Als die Eisentür wieder aufging und plötzlich Andrews Kopf erschien, stand Shawn schnell auf.

„Sorry Andrew, musste kurz an die frische Luft." Er nickte nur und schaute mich emotionslos an.

Wow, Andrew hasste mich so wie er mich anschaute. Was hatte ich auch anderes erwartet? Wahrscheinlich hassten mich alle aus Shawn's Freundeskreis.
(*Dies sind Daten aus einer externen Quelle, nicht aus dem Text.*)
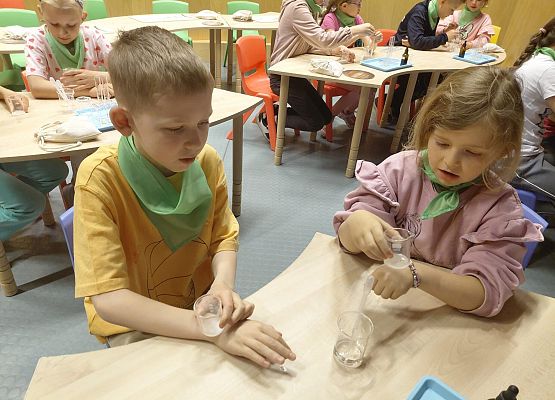 Klasa 2 z Redkowic w Centrum Nauki Experyment w Gdyni.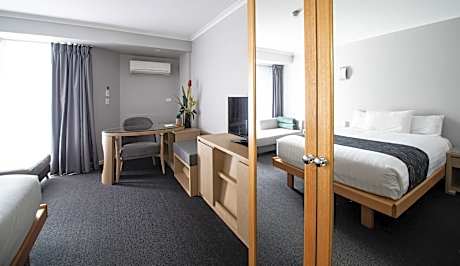 Studio Apartment Queen Bed - (Accessible) - CH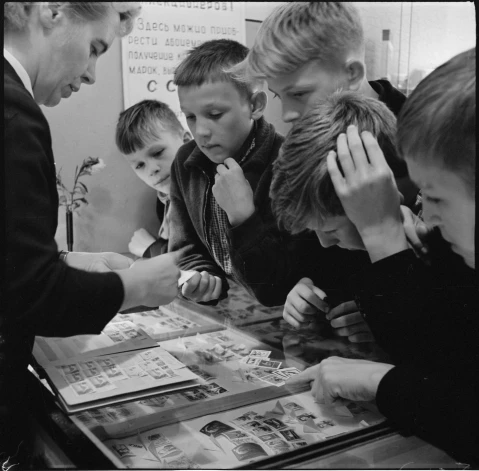 Vieni krāja markas ar putniem, otri ar vilcieniem, trešie ar kosmonautiem.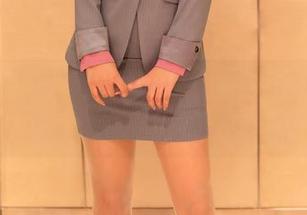 尤蜜荟 – 定制体操服的好处:laura阿姣的图集里藏着我的青春幻想!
Ich wünschte immer noch, dass ich die Wahrheit irgendwie beweisen könnte um klarzustellen, dass ich Shawn niemals betrogen hatte und das alles ein beschissener Plan einer Phsychopatin oder eines Phsychpates war.

„Eh.. danke nochmal für mein Portemonnaie. Und.. ich hoffe dir geht es bald besser." Er schaute nochmal kurz zu mir und verschwand dann hinter Andrew der mich immer noch böse musterte und dann die Tür zuknallte.

Vollkommen zerstreut und verwirrt bleib ich auf der Bank sitzen. Das ich gerade nach 4 Jahren und ewigen falschen Gerüchten wieder richtig mit ihm gesprochen hatte, hatte mich mehr als verwirrt.

Die ganze vergangene Woche hatte mein ganzes Leben mal wieder komplett auf den Kopf gestellt. Komisch, dass sich, sobald Shawn auftauchte, immer alles um 360° drehte. Schon damals hatte er mein Leben komplett verändert. Er konnte zwar nichts dafür, dass er ausgerechnet in der Zeit da war, in der ich heraus fand das Noel das größte Arschloch der Welt war, aber Shawn war immer da, wenn irgendwas in meinem Leben passierte.

Was war das nur zwischen uns beiden?